Criterion allows two kinds of code to be benchmarked.

Any IO action can be benchmarked directly
We can benchmark pure functions (with some trickery)

• Benchmarking an IO action

We use nfIO to specify that after we run an IO action, its result must be evaluated to normal form (so that all of its internal constructors are fully evaluated, and it contains no thunks).

nfIO :: NFData a => IO a -> IO ()

The function nfIO is best used when:

Lazy I/O is involved - (nfIO avoids resource leaks)
We aren’t confident how much evaluation will have been performed on the result of an action - (nfIO makes sure that it is fully evaluated)

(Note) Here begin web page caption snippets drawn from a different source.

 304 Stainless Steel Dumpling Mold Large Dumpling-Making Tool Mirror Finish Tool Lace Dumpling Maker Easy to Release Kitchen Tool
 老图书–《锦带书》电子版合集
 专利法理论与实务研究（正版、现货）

We use whnfIO to specify that after we run an IO action, its result must be evaluated only deep enough for the outermost constructor to be known.

whnfIO :: IO a -> IO ()

The function whnfIO is best used when:

Our I/O action returns a simple value such as an Int
Our I/O action returns something complex such as a Map but evaluating the outermost constructor will do “enough work”

• Benchmarking a pure function

Lazy evaluation makes it hard to benchmark pure code:

If we tried to saturate a function with all of its arguments and evaluate it repeatedly, laziness would ensure that we’d only do “real work” the first time through our benchmarking loop. The expression would be overwritten with that result, and no further work would happen on subsequent loops through our benchmarking harness.

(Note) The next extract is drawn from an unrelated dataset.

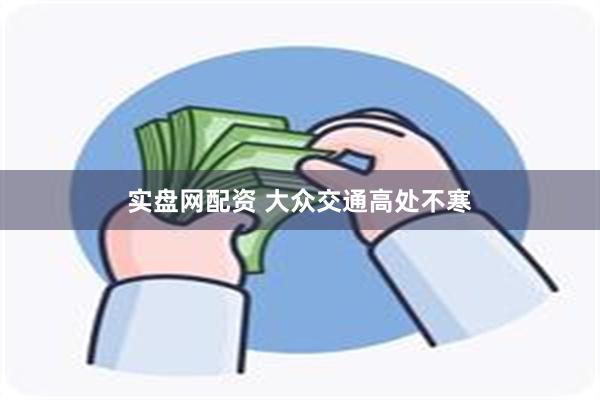 实盘网配资 大众交通高处不寒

We can overcome laziness by benchmarking an unsaturated function (a function which has been given all but one of its arguments).

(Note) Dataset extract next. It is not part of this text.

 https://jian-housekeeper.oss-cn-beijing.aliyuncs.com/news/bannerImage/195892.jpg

The function nf takes two arguments: the unsaturated function we want to benchmark, and the final argument to pass to it. It applies the argument to the function and then evaluates the result to normal form.

nf :: NFData b => (a -> b) -> a -> Benchmarkable

The function whnf takes similar arguments but evaluated the result to weak head normal form.

whnf :: (a -> b) -> a -> Benchmarkable

• Understanding Criterion Reports

The left chart is a kernel density estimate (KDE) of time measurements - this graphs the probability of any given time measurement occurring. A spike indicates that a measurement of a particular time occurred, and its height indicates how often that measurement was repeated.
The right chart contains the raw measurements from which the kernel density estimate was built. The x axis indicates the number of loop iterations. The y axis shows measured execution time for the given number of iterations. The line is the linear regression generated from this data.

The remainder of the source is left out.